Matthias Siller, co-portfolio manager of Barings emerging EMEA opportunities investment trust, said: “The election win for Peter Magyar’s TISZA party will represent a structural break for Hungary, with meaningful macro, regional and equity‑market implications.”
“A constitutional super‑majority would allow Tisza to cleanly dismantle the current governance framework without prolonged parliamentary obstruction… compress Hungary’s structural risk premium, unlock growth capital, and reshape regional dynamics.”
While some stocks have surged, companies with close links to Orban have reported declines over the past month, including asset management company Opus Global and IT company 4iG, which dropped 13.6 per cent and 17.9 per cent respectively.
Securing EU funding
Magyar’s ascent to power is also expected to help unlock access to billions of euros in EU funding.
Funding was partially frozen by Brussels due to rule-of-law breaches by Orban’s administration, with roughly €20bn frozen by early 2026, with €3bn “lost for good”.

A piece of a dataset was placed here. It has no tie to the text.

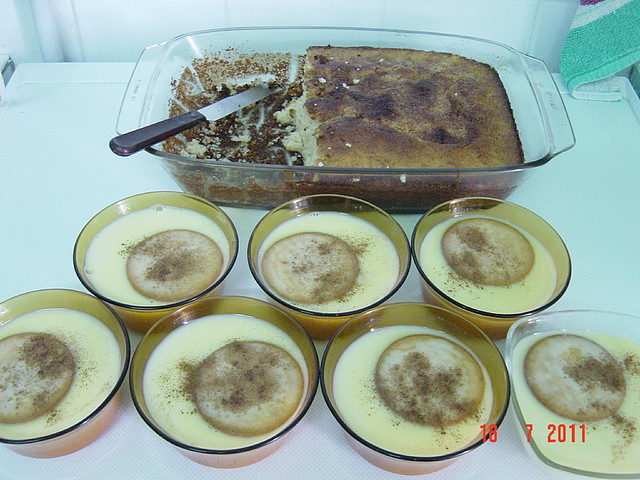 Natillas y bizcocho Natillas y bizcocho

The lack of funding placed a significant financial strain on the country, including a recession during the 2023/24 tax and near-stagnation ever since.
Holger Schmieding, chief economist at Berenberg, said: “On one major count, a new Hungarian government could probably make a major positive difference for the Hungarian economy shortly.
“But with a government in Hungary that promises to play by EU rules again, the EU could soon start to disburse some of the €9.5bn in cohesion funds earmarked for Hungary that Brussels is currently holding back.
“How fast and to which extent a new government will change domestic policies remains to be seen. Still, the relegation of Orbán to the opposition benches will likely make Hungary a better place for domestic and foreign investment.”
Repairing EU ties
Tisza has vowed to take steps towards joining the euro area, reducing Hungary’s borrowing costs, which are currently among the highest in the EU, with the yield on a 10 year bond averaging around seven per cent over the last 12 months.
In his victory speech on Sunday night, Magyar said: “Hungarians said yes to Europe again today. Our place has been in Europe for 1,000 years and will remain so.
“My first journey will be to Poland to restore 1,000-year-old friendship. My second will be to Vienna and third to Brussels to bring back EU funds that belong to Hungarians. Hungary will once again be a strong ally of Europe and Nato.”
Analysts expect more out performance to come in Hungarian stocks following the victory as long as the government succeeds in unlocking access to EU funds and maintains market confidence.